Extracted data entries
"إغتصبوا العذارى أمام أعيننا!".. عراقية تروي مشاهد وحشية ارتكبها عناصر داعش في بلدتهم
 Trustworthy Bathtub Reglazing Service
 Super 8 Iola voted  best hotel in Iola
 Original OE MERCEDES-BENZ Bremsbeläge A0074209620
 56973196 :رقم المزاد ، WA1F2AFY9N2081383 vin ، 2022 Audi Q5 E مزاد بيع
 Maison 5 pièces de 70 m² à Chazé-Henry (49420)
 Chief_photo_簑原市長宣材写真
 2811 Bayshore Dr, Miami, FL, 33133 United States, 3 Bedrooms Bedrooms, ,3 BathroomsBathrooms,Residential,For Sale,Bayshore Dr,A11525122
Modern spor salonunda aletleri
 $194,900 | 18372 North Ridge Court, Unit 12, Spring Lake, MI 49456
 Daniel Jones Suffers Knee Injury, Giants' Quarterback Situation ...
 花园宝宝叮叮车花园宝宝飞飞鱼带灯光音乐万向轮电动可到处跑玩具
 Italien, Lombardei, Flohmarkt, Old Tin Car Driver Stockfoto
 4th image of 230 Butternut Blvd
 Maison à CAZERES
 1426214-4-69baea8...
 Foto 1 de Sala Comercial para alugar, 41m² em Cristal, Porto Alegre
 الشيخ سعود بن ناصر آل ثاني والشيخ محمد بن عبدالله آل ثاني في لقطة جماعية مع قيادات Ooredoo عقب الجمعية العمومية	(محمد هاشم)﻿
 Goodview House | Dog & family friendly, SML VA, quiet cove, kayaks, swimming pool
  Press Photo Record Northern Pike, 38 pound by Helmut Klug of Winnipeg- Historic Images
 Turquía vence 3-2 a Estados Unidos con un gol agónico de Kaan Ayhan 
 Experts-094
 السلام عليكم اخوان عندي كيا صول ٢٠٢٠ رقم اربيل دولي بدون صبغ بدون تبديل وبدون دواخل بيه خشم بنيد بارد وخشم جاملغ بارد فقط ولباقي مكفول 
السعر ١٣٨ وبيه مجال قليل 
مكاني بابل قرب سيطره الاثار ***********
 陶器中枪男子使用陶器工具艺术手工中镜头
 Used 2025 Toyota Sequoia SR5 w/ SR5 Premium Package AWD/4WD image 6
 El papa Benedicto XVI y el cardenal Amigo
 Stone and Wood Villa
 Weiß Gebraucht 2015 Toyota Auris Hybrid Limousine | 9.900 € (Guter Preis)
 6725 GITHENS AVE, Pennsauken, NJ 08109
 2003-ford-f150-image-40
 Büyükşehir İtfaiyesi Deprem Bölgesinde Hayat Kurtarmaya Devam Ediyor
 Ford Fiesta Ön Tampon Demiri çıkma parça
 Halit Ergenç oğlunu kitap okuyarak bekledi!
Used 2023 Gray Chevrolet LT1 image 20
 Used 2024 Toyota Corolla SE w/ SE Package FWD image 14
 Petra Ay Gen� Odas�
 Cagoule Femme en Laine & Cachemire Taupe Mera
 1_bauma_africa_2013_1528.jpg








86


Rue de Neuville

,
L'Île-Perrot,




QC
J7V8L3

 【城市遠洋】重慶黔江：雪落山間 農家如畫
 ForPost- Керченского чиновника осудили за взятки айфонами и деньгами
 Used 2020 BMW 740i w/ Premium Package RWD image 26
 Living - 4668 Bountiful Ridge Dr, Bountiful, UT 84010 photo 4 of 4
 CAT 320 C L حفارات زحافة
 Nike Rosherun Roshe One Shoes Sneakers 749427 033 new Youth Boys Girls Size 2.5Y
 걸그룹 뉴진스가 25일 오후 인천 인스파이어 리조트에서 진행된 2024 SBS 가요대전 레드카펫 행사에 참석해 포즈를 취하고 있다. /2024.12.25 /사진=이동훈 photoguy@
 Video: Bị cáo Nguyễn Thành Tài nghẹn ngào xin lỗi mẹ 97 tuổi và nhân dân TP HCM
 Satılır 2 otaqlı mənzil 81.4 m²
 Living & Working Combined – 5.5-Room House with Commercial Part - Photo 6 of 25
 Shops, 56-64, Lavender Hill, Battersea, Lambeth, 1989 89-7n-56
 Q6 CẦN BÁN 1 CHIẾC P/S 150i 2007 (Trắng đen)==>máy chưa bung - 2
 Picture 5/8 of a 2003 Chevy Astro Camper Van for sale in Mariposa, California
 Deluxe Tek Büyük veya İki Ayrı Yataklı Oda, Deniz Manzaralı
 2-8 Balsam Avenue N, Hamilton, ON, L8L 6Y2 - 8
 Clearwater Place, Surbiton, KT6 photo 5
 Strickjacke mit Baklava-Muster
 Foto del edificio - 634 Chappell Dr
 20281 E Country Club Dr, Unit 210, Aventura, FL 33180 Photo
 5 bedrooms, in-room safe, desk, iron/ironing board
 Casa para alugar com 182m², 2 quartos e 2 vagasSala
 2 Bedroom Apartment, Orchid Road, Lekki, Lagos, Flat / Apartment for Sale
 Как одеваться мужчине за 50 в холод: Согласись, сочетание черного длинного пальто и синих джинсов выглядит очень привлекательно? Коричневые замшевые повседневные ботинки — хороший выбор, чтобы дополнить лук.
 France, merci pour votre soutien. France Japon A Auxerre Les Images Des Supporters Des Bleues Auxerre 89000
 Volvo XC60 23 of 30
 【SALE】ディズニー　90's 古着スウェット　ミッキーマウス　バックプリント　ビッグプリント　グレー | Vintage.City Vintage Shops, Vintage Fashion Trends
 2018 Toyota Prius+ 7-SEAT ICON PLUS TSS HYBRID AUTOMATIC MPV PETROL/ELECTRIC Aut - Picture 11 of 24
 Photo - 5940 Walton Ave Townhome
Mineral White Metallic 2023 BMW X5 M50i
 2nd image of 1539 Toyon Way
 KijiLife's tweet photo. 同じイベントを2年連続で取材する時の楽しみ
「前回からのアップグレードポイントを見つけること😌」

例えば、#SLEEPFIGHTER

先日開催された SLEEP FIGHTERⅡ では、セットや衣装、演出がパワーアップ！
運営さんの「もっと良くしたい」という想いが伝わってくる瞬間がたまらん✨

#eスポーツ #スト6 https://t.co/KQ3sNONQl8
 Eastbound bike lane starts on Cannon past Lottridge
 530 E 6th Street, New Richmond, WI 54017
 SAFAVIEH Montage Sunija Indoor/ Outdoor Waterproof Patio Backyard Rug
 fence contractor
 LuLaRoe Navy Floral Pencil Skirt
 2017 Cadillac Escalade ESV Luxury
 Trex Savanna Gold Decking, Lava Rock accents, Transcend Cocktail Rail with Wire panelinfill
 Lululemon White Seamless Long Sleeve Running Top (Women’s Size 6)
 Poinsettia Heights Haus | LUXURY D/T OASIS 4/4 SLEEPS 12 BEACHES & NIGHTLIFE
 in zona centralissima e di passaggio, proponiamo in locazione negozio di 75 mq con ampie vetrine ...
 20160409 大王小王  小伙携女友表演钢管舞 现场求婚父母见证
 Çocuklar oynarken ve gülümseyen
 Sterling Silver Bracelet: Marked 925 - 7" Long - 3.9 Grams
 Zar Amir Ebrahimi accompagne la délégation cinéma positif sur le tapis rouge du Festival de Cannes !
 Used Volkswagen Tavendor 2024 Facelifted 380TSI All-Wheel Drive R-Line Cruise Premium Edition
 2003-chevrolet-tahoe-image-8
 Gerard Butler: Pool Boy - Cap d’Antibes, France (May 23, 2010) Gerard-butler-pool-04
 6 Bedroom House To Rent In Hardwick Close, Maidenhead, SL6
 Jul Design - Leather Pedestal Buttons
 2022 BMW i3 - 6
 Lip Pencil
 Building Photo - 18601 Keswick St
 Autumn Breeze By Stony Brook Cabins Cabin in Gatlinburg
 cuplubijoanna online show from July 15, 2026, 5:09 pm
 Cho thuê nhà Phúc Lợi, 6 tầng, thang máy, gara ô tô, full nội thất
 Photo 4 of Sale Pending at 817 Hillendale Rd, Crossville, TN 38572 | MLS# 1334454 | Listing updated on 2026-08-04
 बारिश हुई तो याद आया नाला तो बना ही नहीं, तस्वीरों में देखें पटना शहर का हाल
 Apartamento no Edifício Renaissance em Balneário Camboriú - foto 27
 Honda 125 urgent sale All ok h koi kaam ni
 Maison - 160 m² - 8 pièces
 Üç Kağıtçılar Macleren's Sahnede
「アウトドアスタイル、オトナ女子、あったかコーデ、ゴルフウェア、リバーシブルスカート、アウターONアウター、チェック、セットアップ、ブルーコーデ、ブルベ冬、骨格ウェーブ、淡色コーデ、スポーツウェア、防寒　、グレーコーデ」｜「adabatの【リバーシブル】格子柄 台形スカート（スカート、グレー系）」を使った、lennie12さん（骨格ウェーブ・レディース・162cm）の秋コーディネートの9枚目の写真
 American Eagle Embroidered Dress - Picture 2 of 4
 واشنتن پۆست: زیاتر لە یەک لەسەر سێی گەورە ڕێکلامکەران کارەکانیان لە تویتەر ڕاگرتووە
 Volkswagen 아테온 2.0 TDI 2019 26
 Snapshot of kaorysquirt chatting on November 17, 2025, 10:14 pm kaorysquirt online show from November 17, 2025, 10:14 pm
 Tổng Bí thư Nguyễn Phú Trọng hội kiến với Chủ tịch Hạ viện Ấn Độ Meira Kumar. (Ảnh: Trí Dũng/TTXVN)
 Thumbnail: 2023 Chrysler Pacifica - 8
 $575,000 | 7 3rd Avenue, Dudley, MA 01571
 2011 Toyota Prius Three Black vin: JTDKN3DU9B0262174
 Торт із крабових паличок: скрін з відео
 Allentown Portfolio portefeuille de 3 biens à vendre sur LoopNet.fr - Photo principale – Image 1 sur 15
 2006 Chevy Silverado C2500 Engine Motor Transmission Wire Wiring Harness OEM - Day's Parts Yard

> **Work required**:
Restate, please, word for word the span of records running from the first line to the line bearing "Used 2025 Toyota", both included, and nothing outside it.

> **Your response**:
"إغتصبوا العذارى أمام أعيننا!".. عراقية تروي مشاهد وحشية ارتكبها عناصر داعش في بلدتهم
 Trustworthy Bathtub Reglazing Service
 Super 8 Iola voted  best hotel in Iola
 Original OE MERCEDES-BENZ Bremsbeläge A0074209620
 56973196 :رقم المزاد ، WA1F2AFY9N2081383 vin ، 2022 Audi Q5 E مزاد بيع
 Maison 5 pièces de 70 m² à Chazé-Henry (49420)
 Chief_photo_簑原市長宣材写真
 2811 Bayshore Dr, Miami, FL, 33133 United States, 3 Bedrooms Bedrooms, ,3 BathroomsBathrooms,Residential,For Sale,Bayshore Dr,A11525122
Modern spor salonunda aletleri
 $194,900 | 18372 North Ridge Court, Unit 12, Spring Lake, MI 49456
 Daniel Jones Suffers Knee Injury, Giants' Quarterback Situation ...
 花园宝宝叮叮车花园宝宝飞飞鱼带灯光音乐万向轮电动可到处跑玩具
 Italien, Lombardei, Flohmarkt, Old Tin Car Driver Stockfoto
 4th image of 230 Butternut Blvd
 Maison à CAZERES
 1426214-4-69baea8...
 Foto 1 de Sala Comercial para alugar, 41m² em Cristal, Porto Alegre
 الشيخ سعود بن ناصر آل ثاني والشيخ محمد بن عبدالله آل ثاني في لقطة جماعية مع قيادات Ooredoo عقب الجمعية العمومية	(محمد هاشم)﻿
 Goodview House | Dog & family friendly, SML VA, quiet cove, kayaks, swimming pool
  Press Photo Record Northern Pike, 38 pound by Helmut Klug of Winnipeg- Historic Images
 Turquía vence 3-2 a Estados Unidos con un gol agónico de Kaan Ayhan 
 Experts-094
 السلام عليكم اخوان عندي كيا صول ٢٠٢٠ رقم اربيل دولي بدون صبغ بدون تبديل وبدون دواخل بيه خشم بنيد بارد وخشم جاملغ بارد فقط ولباقي مكفول 
السعر ١٣٨ وبيه مجال قليل 
مكاني بابل قرب سيطره الاثار ***********
 陶器中枪男子使用陶器工具艺术手工中镜头
 Used 2025 Toyota Sequoia SR5 w/ SR5 Premium Package AWD/4WD image 6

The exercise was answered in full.